▶ **Captioned web image data**:
Segment Open

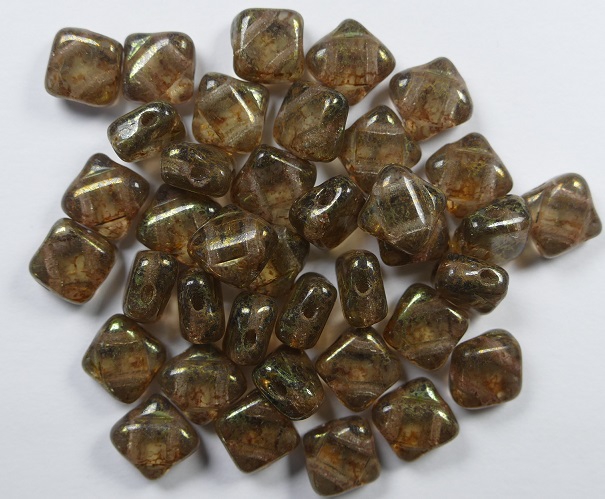 SL-40020-15495 Silky Bead Black Diamond Red Terracotta 30 Pc.-0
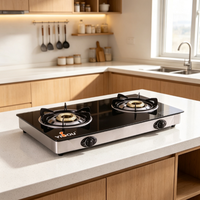 Kompor Gas Portabel Cina dengan Permukaan Kaca Temper, Kompor Gas Luar Ruangan Dua Tungku (2 Burner) untuk Peralatan Dapur Rumah dan Memasak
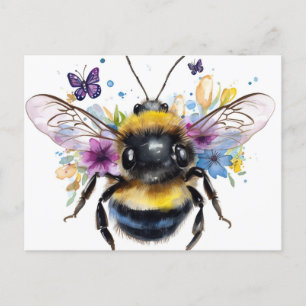 Happy Spring Bumble Bee and Butterflies Postkarte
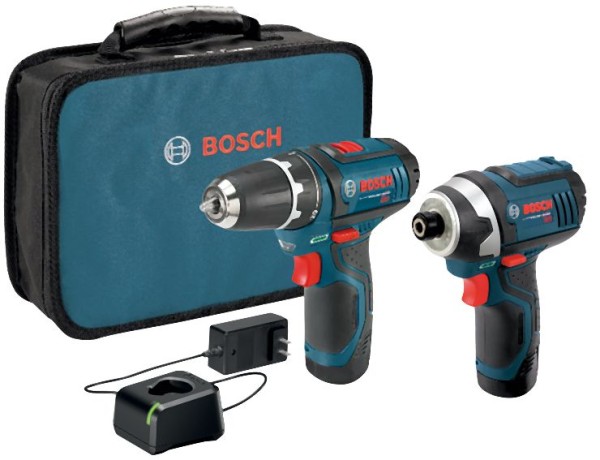 Bosch 12V Max 2-Tool Combo Kit with 3/8 Inches Drill/Driver, Impact Driver and (2) 2.0 Ah Batteries, 060186811S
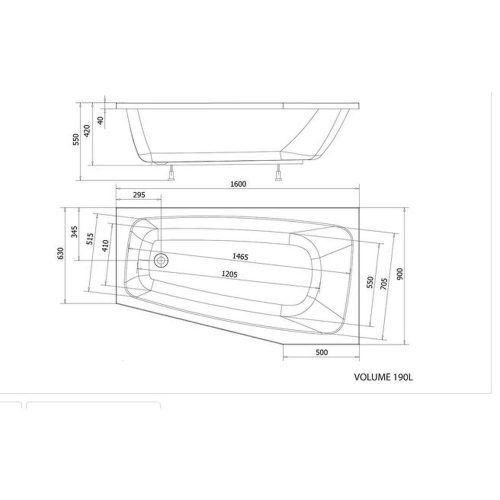 Aqualine-Sapho BEROUNKA kád, láb nélkül, balos 160x90x42cm, akril (A1690)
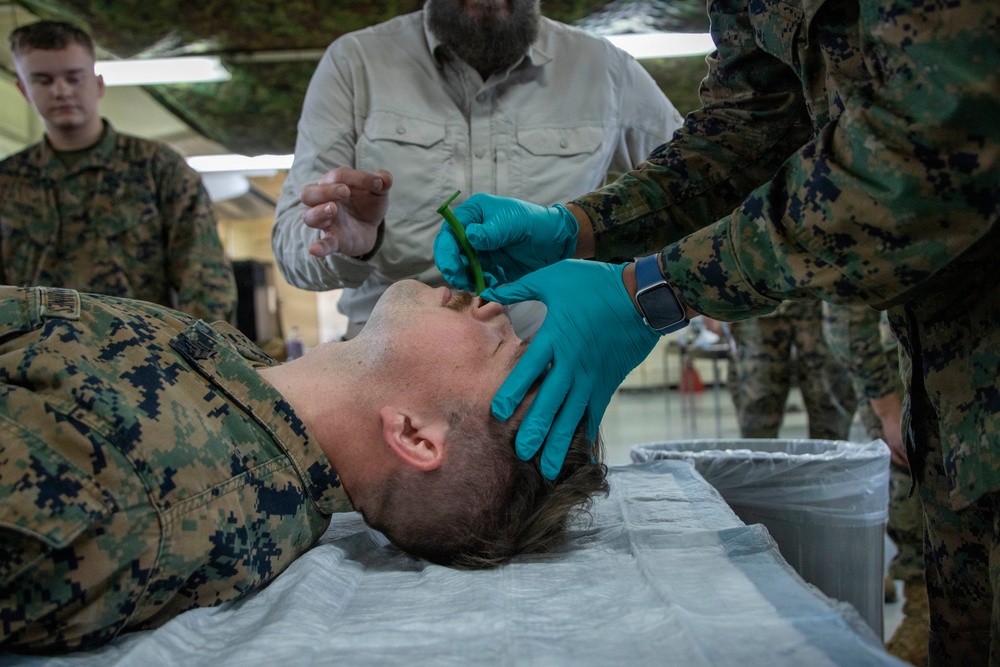 U.S. Marines train during Combat Lifesaver Course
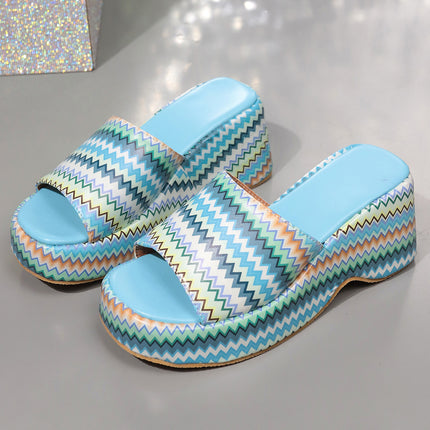 Fashion Colorful Wave Print Wedges Sandals Summer Outdoor High Heel Slippers Thick Bottom Shoes For Women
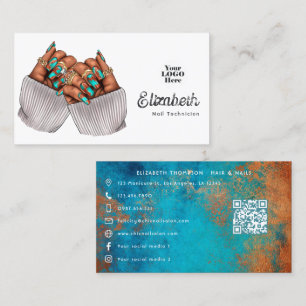 Copper Patina Turquoise Grunge Black Woman Salon Business Card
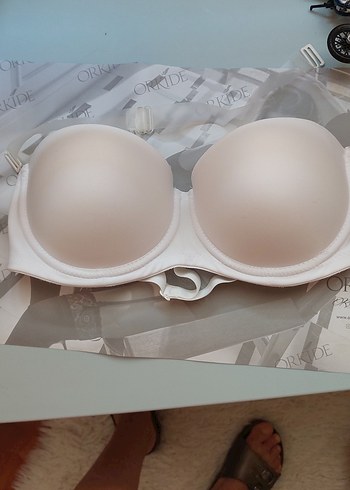 Beyaz Modern Klasik Straplez Sütyen - Görsel 5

Segment Closed

▶ **Activity**: Repeat the entries exactly, without pictures.

▶ **Completed task**:
 SL-40020-15495 Silky Bead Black Diamond Red Terracotta 30 Pc.-0
 Kompor Gas Portabel Cina dengan Permukaan Kaca Temper, Kompor Gas Luar Ruangan Dua Tungku (2 Burner) untuk Peralatan Dapur Rumah dan Memasak
 Happy Spring Bumble Bee and Butterflies Postkarte
 Bosch 12V Max 2-Tool Combo Kit with 3/8 Inches Drill/Driver, Impact Driver and (2) 2.0 Ah Batteries, 060186811S
 Aqualine-Sapho BEROUNKA kád, láb nélkül, balos 160x90x42cm, akril (A1690)
 U.S. Marines train during Combat Lifesaver Course
 Fashion Colorful Wave Print Wedges Sandals Summer Outdoor High Heel Slippers Thick Bottom Shoes For Women
 Copper Patina Turquoise Grunge Black Woman Salon Business Card
 Beyaz Modern Klasik Straplez Sütyen - Görsel 5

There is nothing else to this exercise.